- _Task description_:
Beginning with the line that has "Semi truck silhouette", write out each line down to the end of the records below exactly, and include no pictures.
** Dataset excerpts follows **
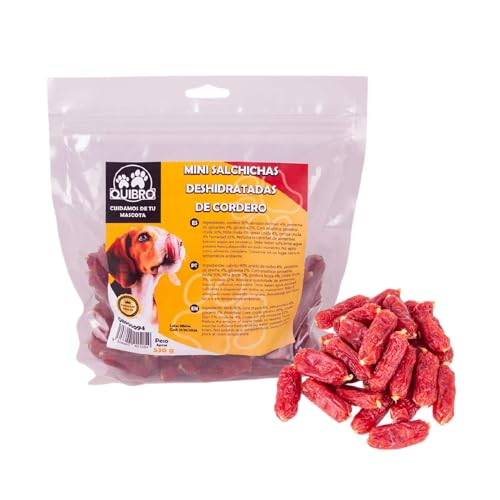 Quibropets Mini Salchichas Deshidratadas de Cordero - Chuches para Perros, Recompensas Naturales Sin Cereales, Snacks para Perros, Premios Deshidratados, 530g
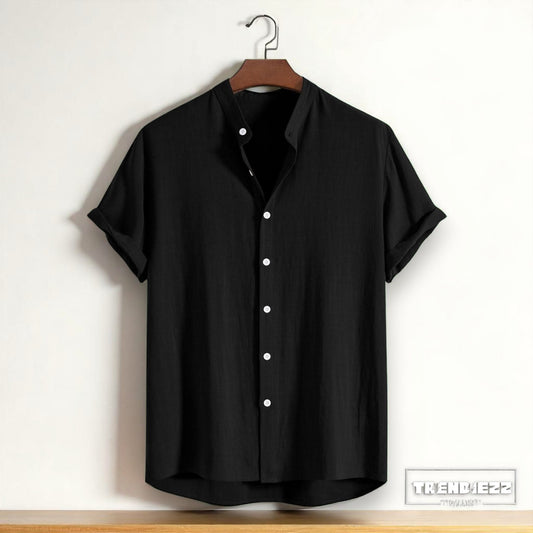 Band collar Black color shirt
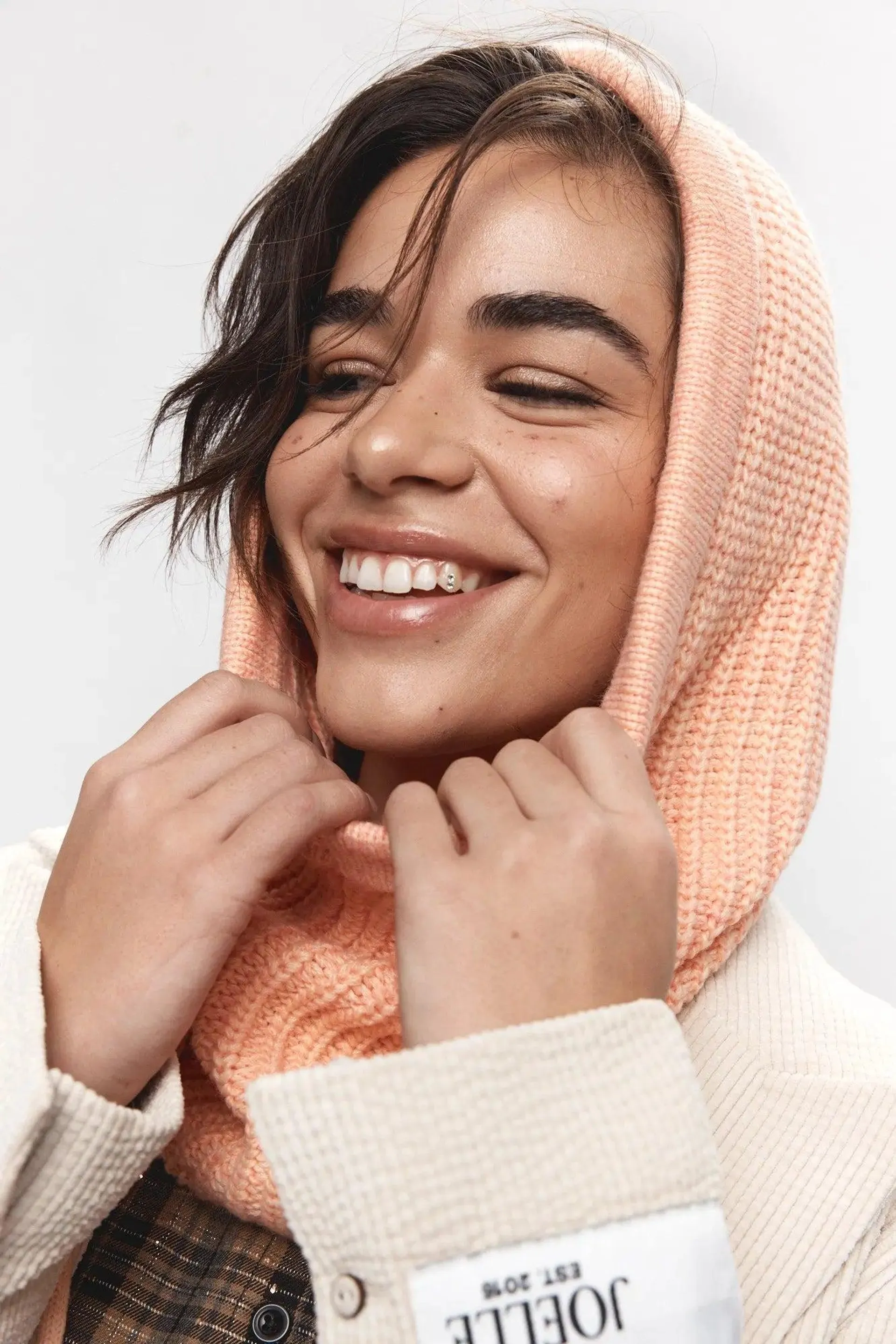 Cagoule rose pêche en tricot | Effie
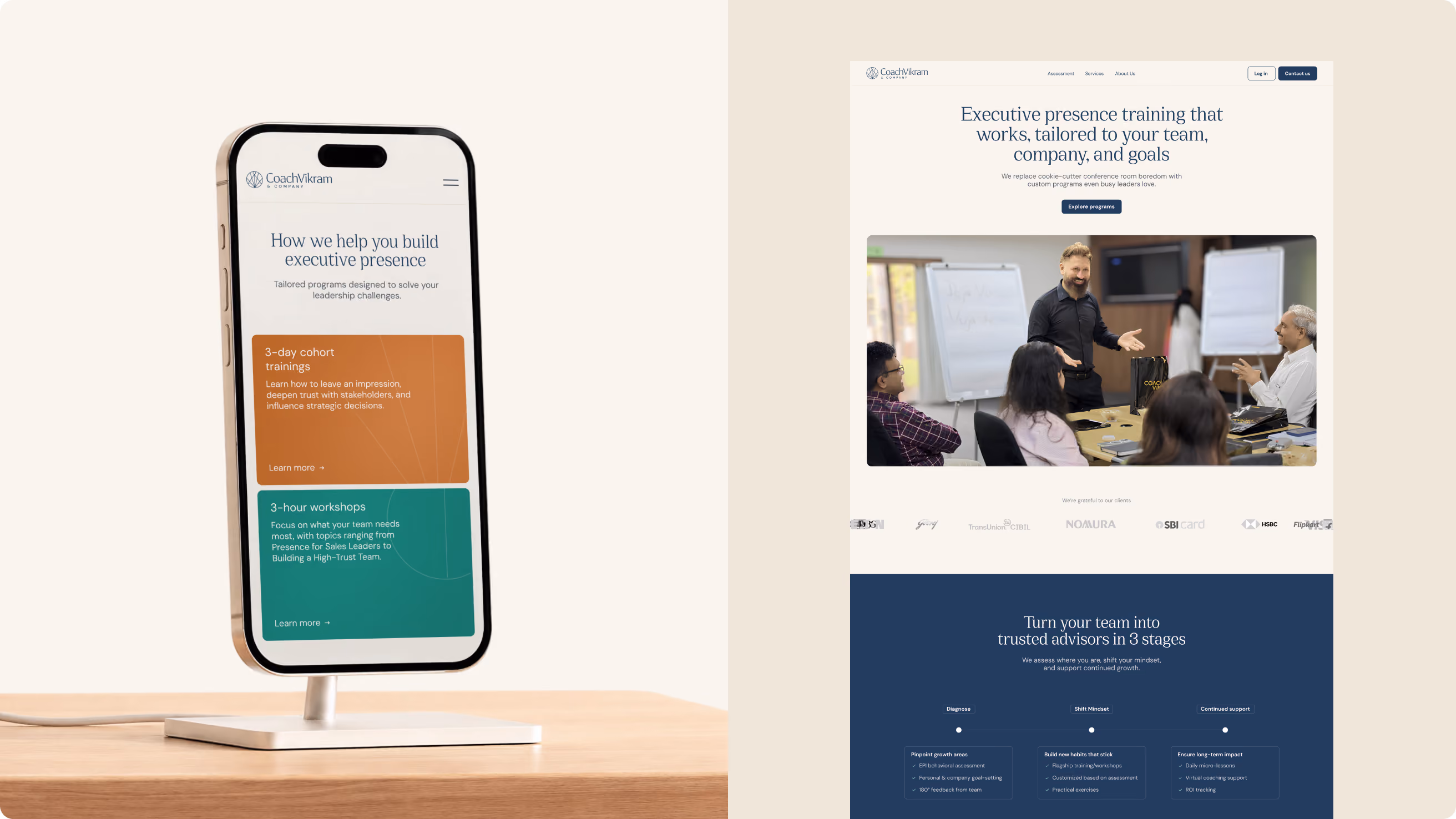 CoachVikram & Company website on desktop and mobile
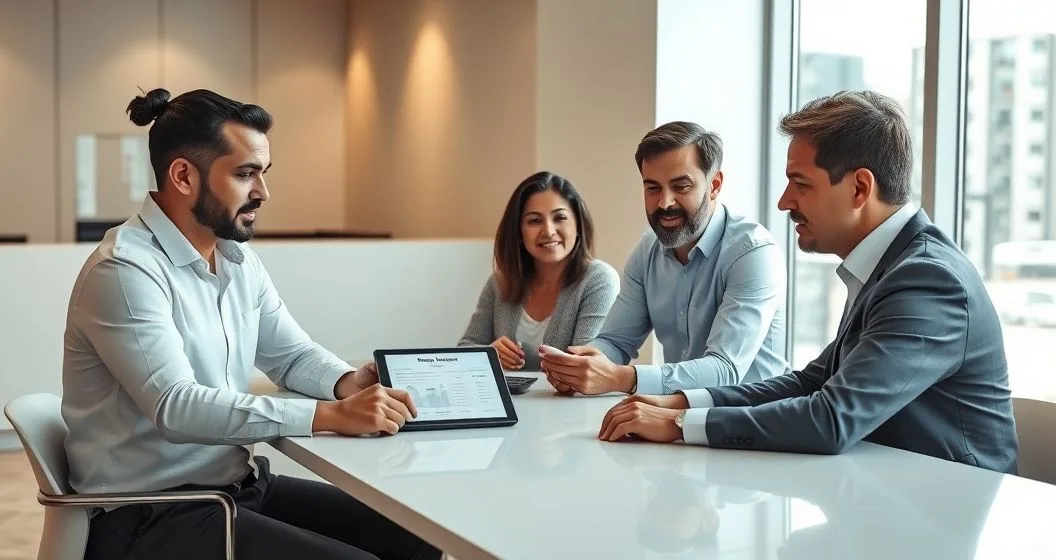 Loan officer explains escrow shortfall repayment options to a pair of homeowners over a tablet and calculator in a modern bank office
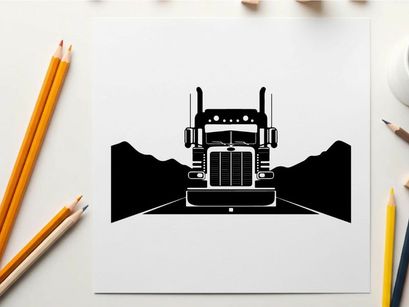Semi truck silhouette on open road with mountains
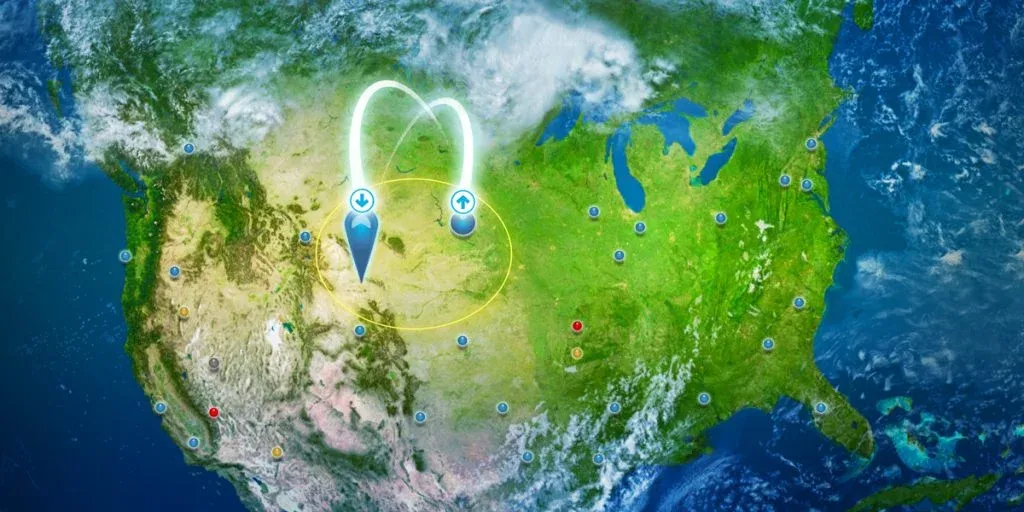 A map showing distributed network measurement locations and test paths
** End of Dataset excerpts **
- _Result of the exercise_:
Semi truck silhouette on open road with mountains
 A map showing distributed network measurement locations and test paths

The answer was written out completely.